Joe Malkevitch recently asked me: which polycubes have planar graphs?

By a polycube, I mean a set of unit cubes in the three-dimensional integer lattice whose dual graph (with vertices for cubes and edges for cubes that share a square with each other) is connected; Malkevitch had a more restrictive definition in mind in which the boundary of the union of the cubes is a connected manifold, but that turns out not to make a difference for this problem. The graph of a polycube is formed by the vertices and edges of the cubes in this set.

The answer turns out to be: the polycubes that have a tree-like structure that can be formed by adding cubes one at a time, at each step adding a cube that touches the previous cubes in exactly one of its squares. One direction is easy: if you add cubes in this way, you end up changing the graph by replacing a quadrilateral face by five quadrilaterals, which preserves planarity.

In the other direction, suppose you have a polycube that cannot be constructed in this way, and build it up by adding cubes one at a time in a preorder traversal of a spanning tree of the dual graph. At some point, you will add a cube $$c$$ that is adjacent not only to its parent $$p$$ in the tree, but to some other part of the already-constructed polycube.
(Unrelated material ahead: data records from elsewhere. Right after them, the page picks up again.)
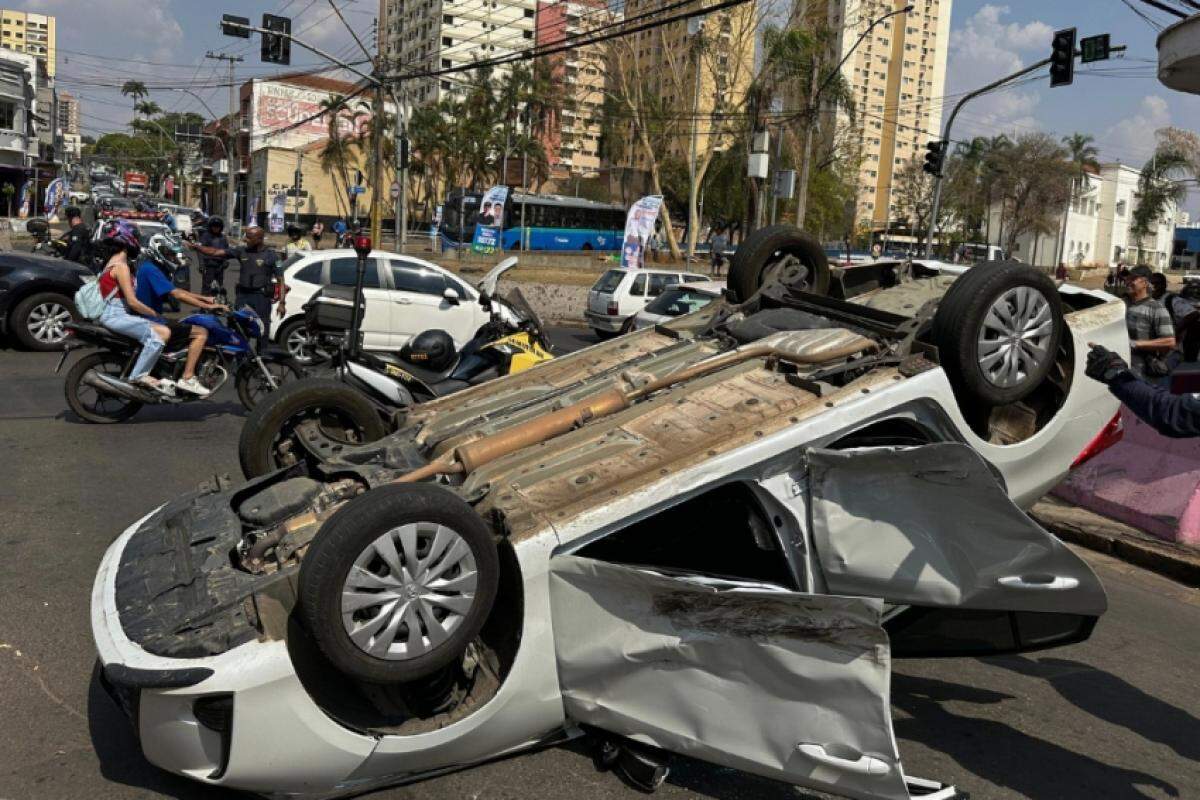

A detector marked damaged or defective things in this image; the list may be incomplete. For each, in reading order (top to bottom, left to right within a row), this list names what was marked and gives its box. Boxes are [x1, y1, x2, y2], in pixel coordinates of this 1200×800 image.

overturned white car [91, 226, 1123, 800]
crushed car door [806, 443, 1104, 657]
crushed car door [549, 554, 907, 800]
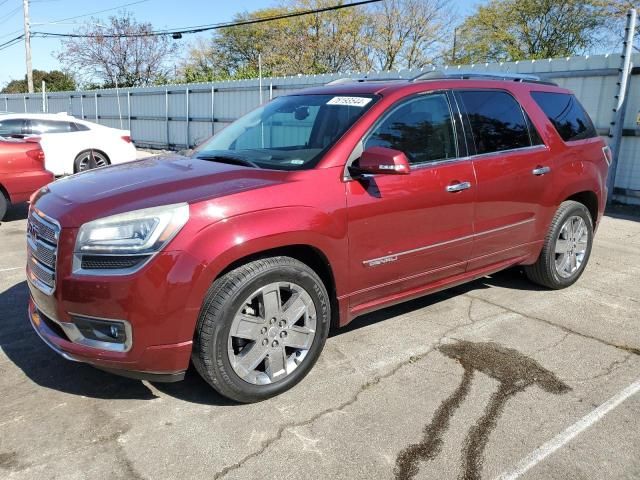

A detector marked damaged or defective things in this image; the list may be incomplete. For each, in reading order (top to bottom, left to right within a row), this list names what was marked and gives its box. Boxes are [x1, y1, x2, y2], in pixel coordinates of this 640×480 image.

crack in pavement [210, 316, 484, 478]
crack in pavement [462, 292, 640, 356]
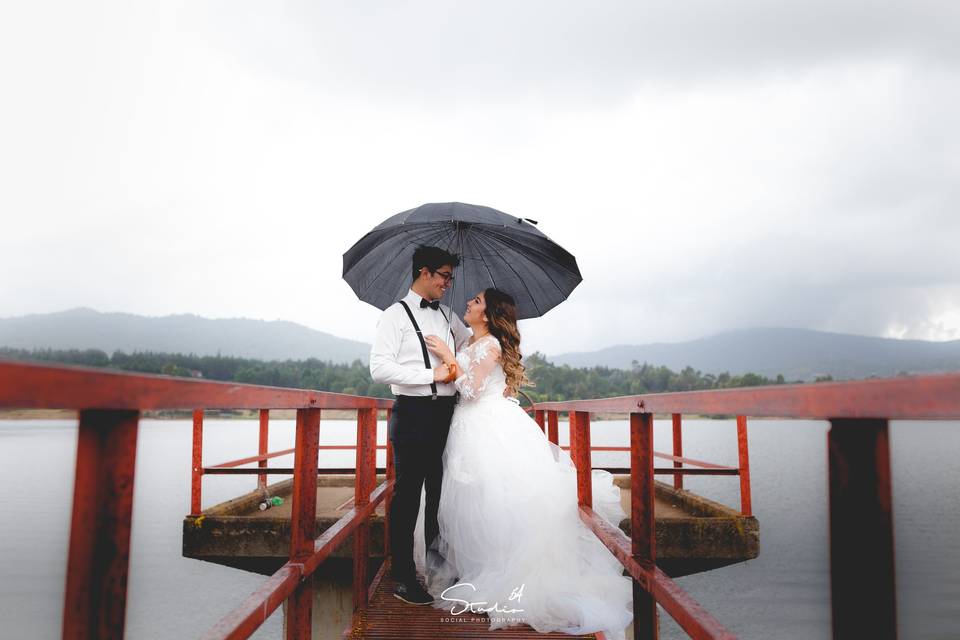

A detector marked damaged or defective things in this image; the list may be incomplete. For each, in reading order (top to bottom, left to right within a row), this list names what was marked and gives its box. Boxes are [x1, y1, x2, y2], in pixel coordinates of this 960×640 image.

rusty metal beam [0, 360, 394, 410]
rusty metal beam [62, 410, 140, 640]
rusty metal beam [828, 418, 896, 636]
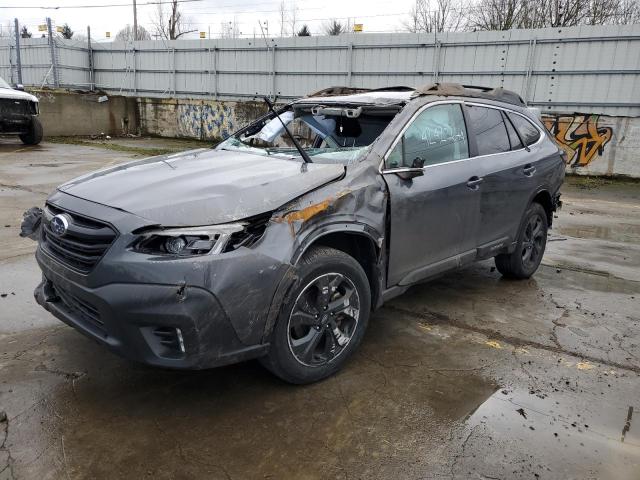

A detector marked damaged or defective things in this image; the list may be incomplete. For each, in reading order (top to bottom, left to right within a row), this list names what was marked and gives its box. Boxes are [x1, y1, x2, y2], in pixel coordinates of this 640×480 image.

damaged gray suv [30, 82, 564, 382]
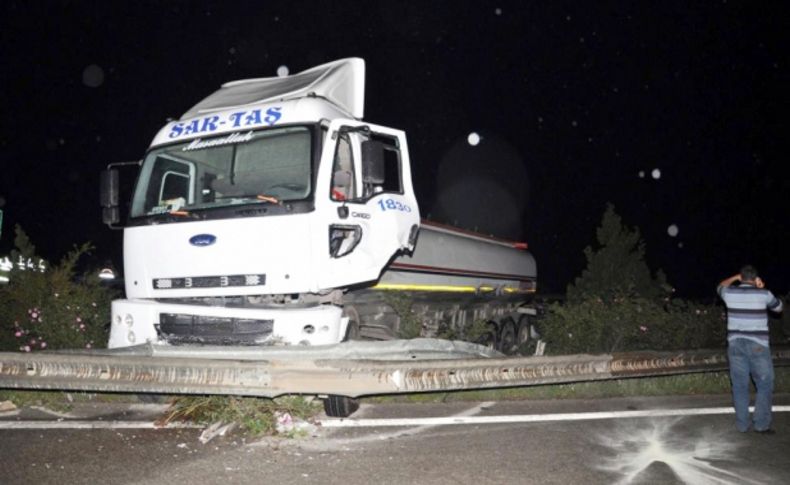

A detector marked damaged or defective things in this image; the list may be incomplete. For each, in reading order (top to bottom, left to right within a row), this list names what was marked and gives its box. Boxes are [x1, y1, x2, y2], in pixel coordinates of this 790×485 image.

damaged guardrail [0, 340, 788, 398]
bent metal barrier [1, 344, 790, 398]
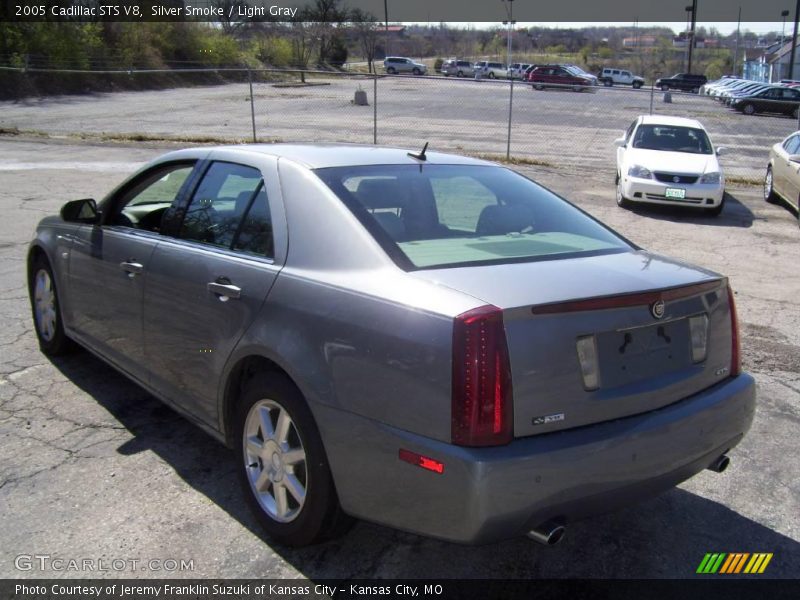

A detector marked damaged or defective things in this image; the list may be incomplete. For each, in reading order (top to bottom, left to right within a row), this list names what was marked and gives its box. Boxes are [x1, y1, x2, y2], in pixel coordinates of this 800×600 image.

cracked pavement [0, 135, 796, 576]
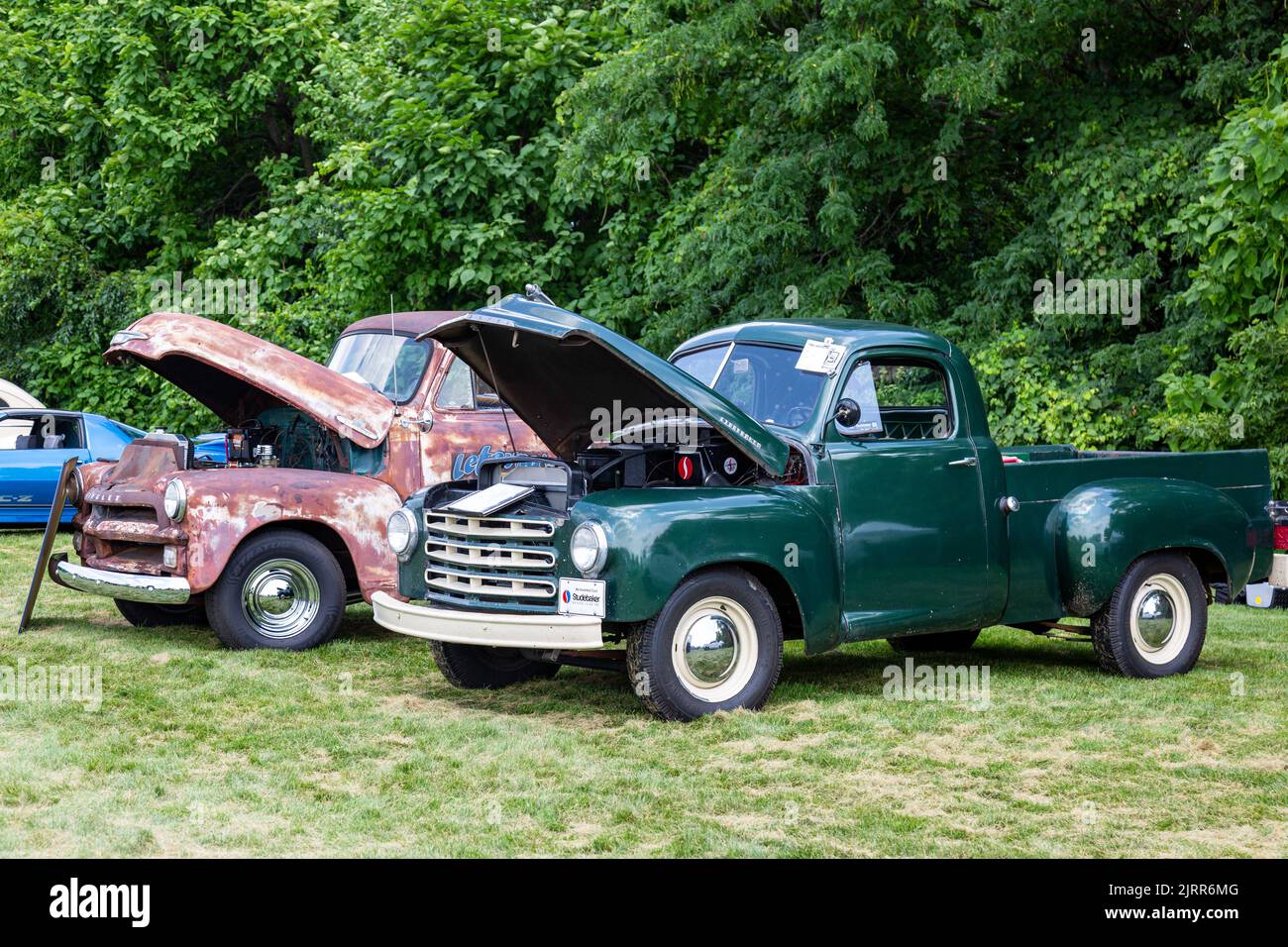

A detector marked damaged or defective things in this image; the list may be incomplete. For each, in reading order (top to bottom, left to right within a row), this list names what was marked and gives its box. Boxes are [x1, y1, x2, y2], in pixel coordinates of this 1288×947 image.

rusty truck's open hood [105, 311, 391, 443]
rusty truck's open hood [422, 296, 788, 474]
rusty pickup truck [47, 311, 543, 652]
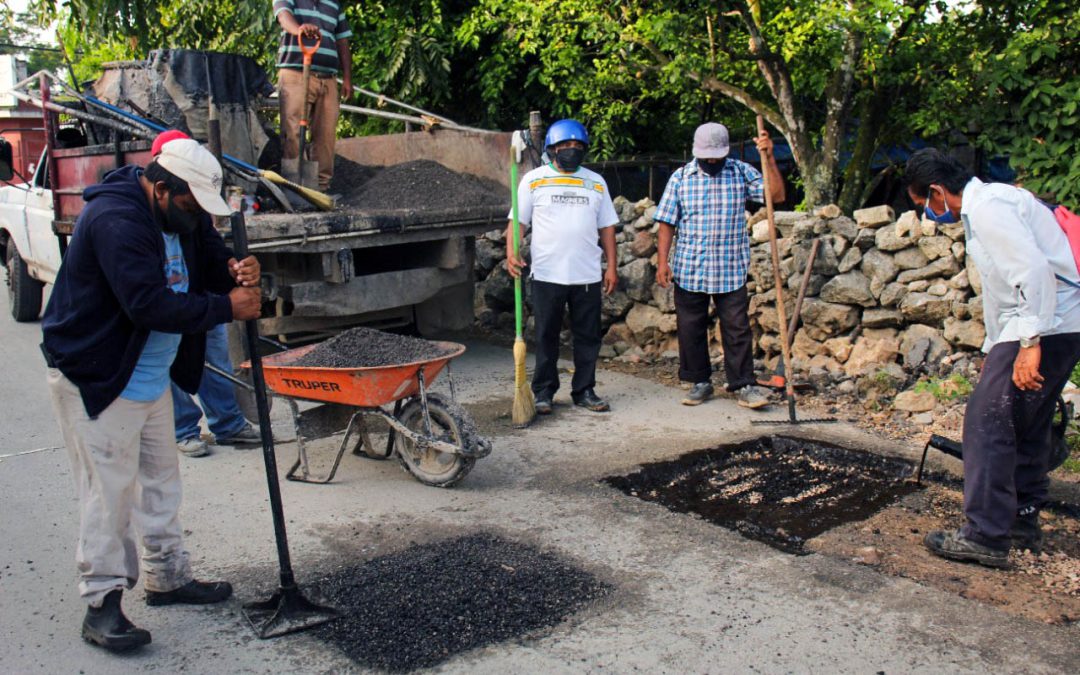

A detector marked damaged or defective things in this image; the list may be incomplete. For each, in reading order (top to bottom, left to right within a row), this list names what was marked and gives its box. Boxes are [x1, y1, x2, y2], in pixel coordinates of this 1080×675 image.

asphalt patch [291, 326, 451, 369]
asphalt patch [604, 436, 915, 552]
pothole [604, 434, 915, 557]
patched pothole [604, 434, 915, 557]
asphalt patch [311, 531, 609, 669]
patched pothole [308, 531, 613, 669]
pothole [313, 531, 613, 669]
If you contract the parts of $$c$$ and $$p$$ that are not on their shared square, and contract the path in the polycube connecting those parts, you can get a $$K_{3,3}$$ graph minor out of the graph of the polycube, showing that it must be nonplanar.

The same question is also interesting when you ask about the graph of the boundary of the polycube, but it has a simpler answer: if the boundary is connected, then it is planar if and only if the polycube is a topological ball.